Abdul Insuah, the son of former Tamale Central MP Insuah Fuseini, has been sentenced to two years in prison for romance fraud and money laundering by a court in the United States.
The 32-year-old was found guilty by a federal jury for his involvement in a scheme based in Huntington that defrauded numerous individuals across multiple states. The syndicate used fake identities to scam their victims online. In addition to the prison sentence, Insuah has been ordered to pay $152,000 in restitution.
The US Justice Department stated that the scheme participants pretended to be romantic partners, friends, or business partners to deceive their victims from January 2018 to December 2019.
“From at least January 2018 through at least December 2019, the scheme participants sought to induce victims into believing they were engaging in romantic relationships, friendships, or business partnerships with these fabricated personas.
“The victims were persuaded to send money for a variety of false and fraudulent reasons for the benefit of the false personas,” the US Justice Department’s statement read in part.
The members of the syndicate used all sorts of false claims to delude their unsuspecting victims of several thousands of dollars, with juicy unrealistic promises.
“The amount included $48,000 to pay overdue taxes on a non-existent gold inheritance in Ghana and $21,000 wired to Bitsav Supply LLC, a shell company set up by Inusah.
“Another false persona, “Grace,” persuaded a Washington resident to wire funds so “Grace” could maintain her South African cocoa plantation and move to the United States to marry the victim.
“Other victims of the false personas included residents of Ohio and Florida,” the statement added.
Read the full details of the US Justice Department’s statement below:
Federal Jury finds man guilty in fraud and money laundering scheme
After three days of trial, a federal jury convicted Abdul Inusah, 31, of Ghana, for his role in a Huntington-based scheme that defrauded individuals in multiple states through the use of false online personas.

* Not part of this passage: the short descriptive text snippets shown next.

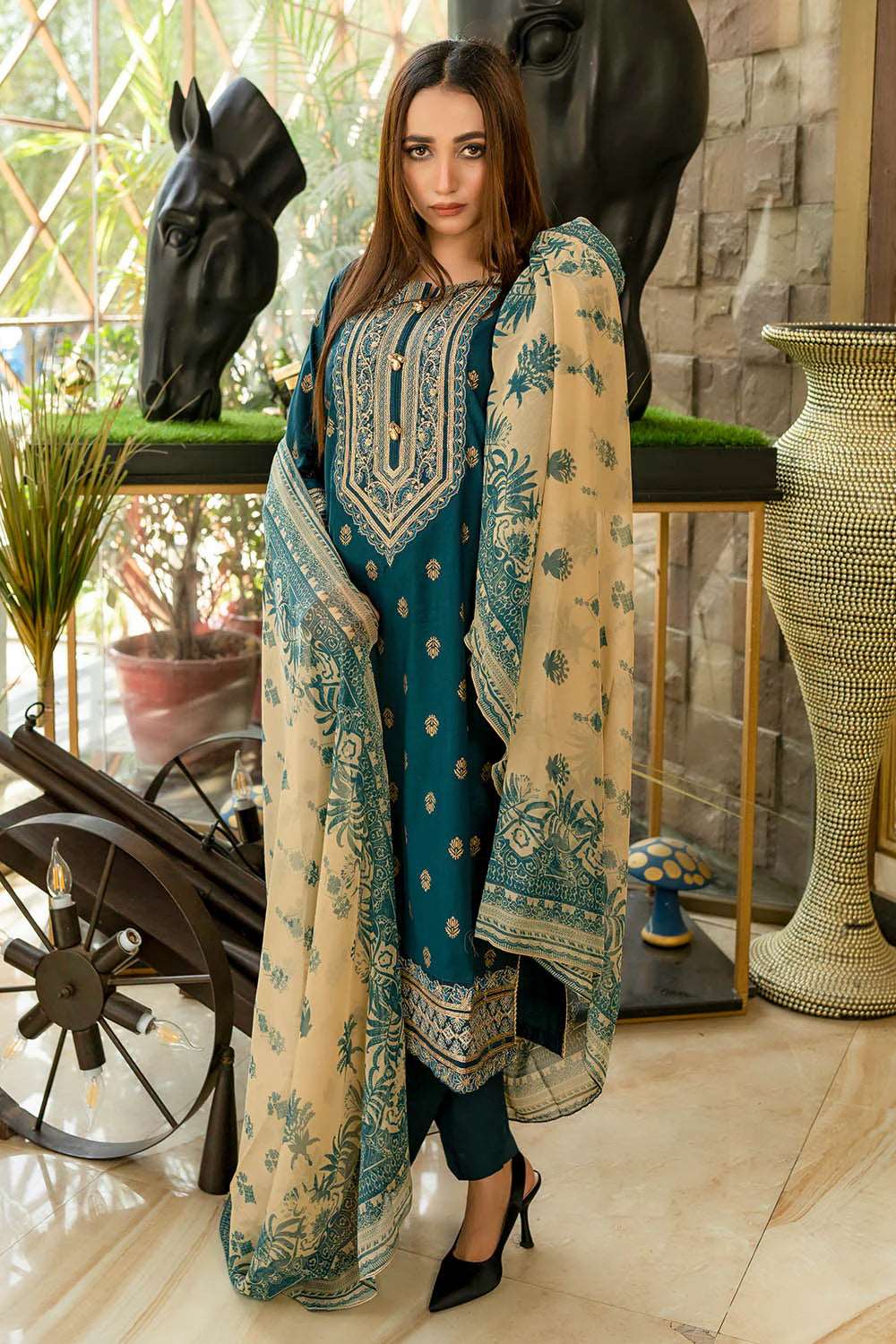3 Piece Sequin Embroidered Lawn Suit (Pret) in - Pakistani Dress by Malbusaat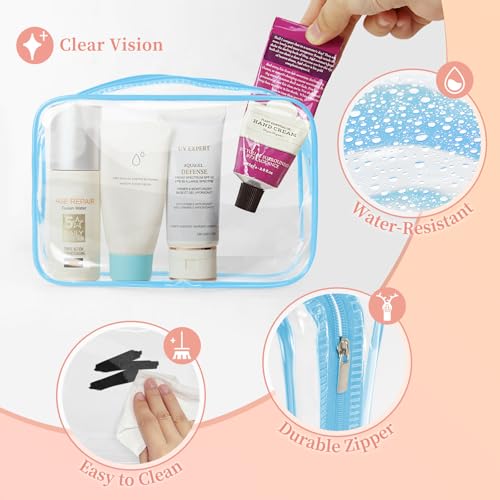 TISRATOK 12 PCS Clear Makeup Bag for Women with Zipper, TSA Approved Toiletry Pouch, Cosmetic Bag Bulk for Travel Organizer Essentials - Blue,Medium - color: Blue, size: medium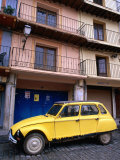 Yellow Citroen Parked Outside Apartments  Calatayud  Spain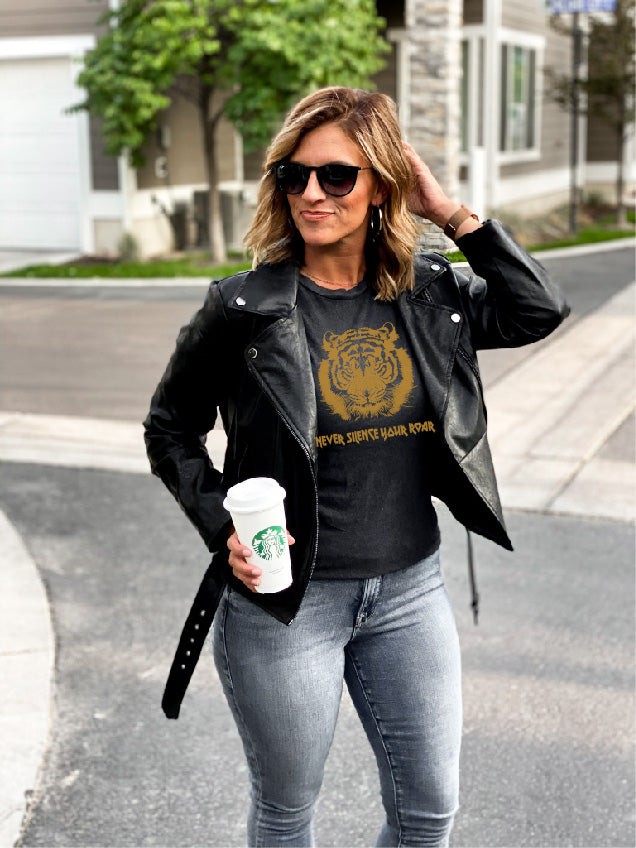 Never silence your roar vintage wash tee Inspirational tee Lane seven vintage black tee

Evidence at trial revealed that Inusah was part of a conspiracy that targeted victims using false personas via email, text messaging, and online dating and social media websites. From at least January 2018 through at least December 2019, the scheme sought to induce victims into believing they were in a romantic relationship, friendship, or business relationship with various false personas. The victims were persuaded to send money for a variety of false and fraudulent reasons for the benefit of the false personas.
One false persona, “Miarama,” was used to induce an Alabama resident into providing $106,000 via wire transfers and cashier’s checks. The amount included $48,000 to pay overdue taxes on a nonexistent gold inheritance in Ghana and $21,000 wired to Bitsav Supply LLC, a shell company set up by Inusah. Another false persona, “Grace,” persuaded a Washington resident to wire funds so “Grace” could maintain her South African cocoa plantation and move to the United States to marry the victim. Other victims of the false personas included residents of Ohio and Florida.

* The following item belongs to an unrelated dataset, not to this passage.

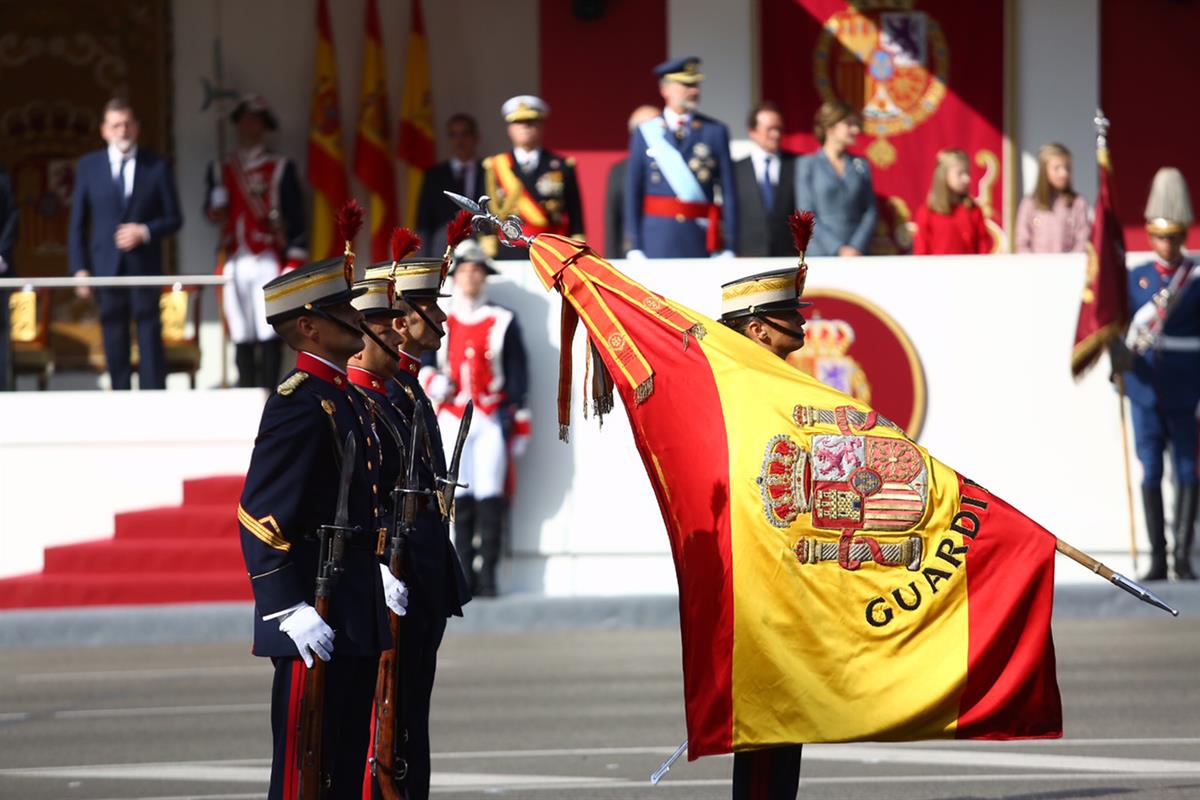 12/10/2017. Día de la Fiesta Nacional. El Rey, el presidente del Gobierno y los representantes de las altas instituciones del Estado durante...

The jury found Inusah guilty of receipt of stolen money, conspiracy to commit money laundering, and two counts of wire fraud. The wire fraud counts involve a pair of $2,000 Zelle wire transfers to Inusah from the money obtained using the “Miarama” false persona in January 2019.
“It is truly heartbreaking how this conspiracy exploited individuals who were particularly vulnerable, such as following the death of a longtime spouse,” said the United States Attorney Will Thompson. “Some of the victims did not recognize themselves as victims and continued to believe these false personas were real and that they were in actual relationships.

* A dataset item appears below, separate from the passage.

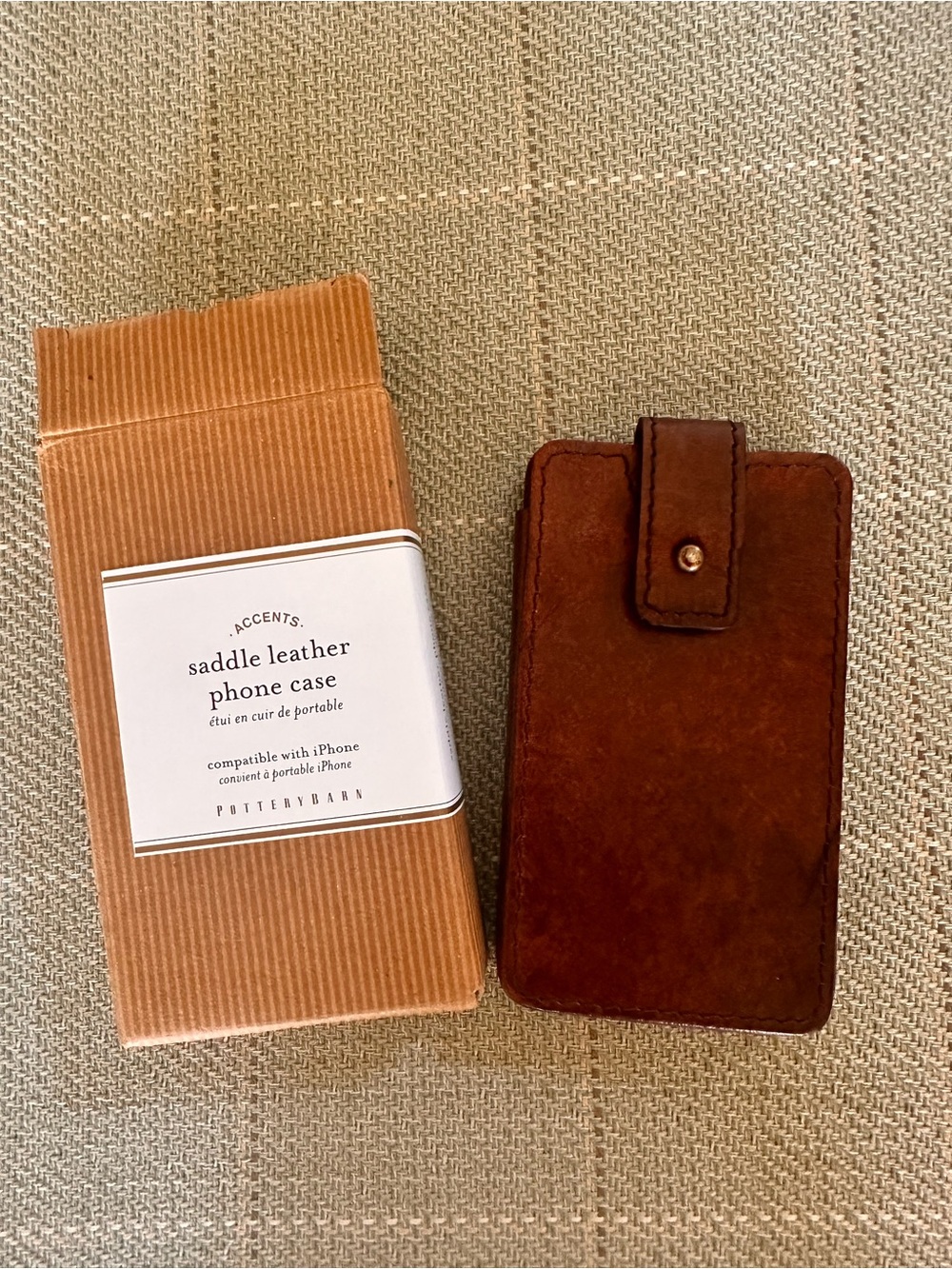 Pottery Barn Vintage Saddle Leather iPhone Case w/ Original Box Brown Leather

“I commend the investigative work of the United States Secret Service, the United States Postal Inspection Service, the Federal Deposit Insurance Corporation-Office of Inspector General (FDIC-OIG), the West Virginia State Police and the South Charleston Police Department. I also commend Assistant United States Attorneys Kathleen Robeson and R. Gregory McVey and our trial team for trying this complex fraud case before the jury.”
United States District Judge Robert C. Chambers presided over the jury trial. Inusah is scheduled to be sentenced on November 21, 2022, and faces a maximum penalty of 50 years in prison.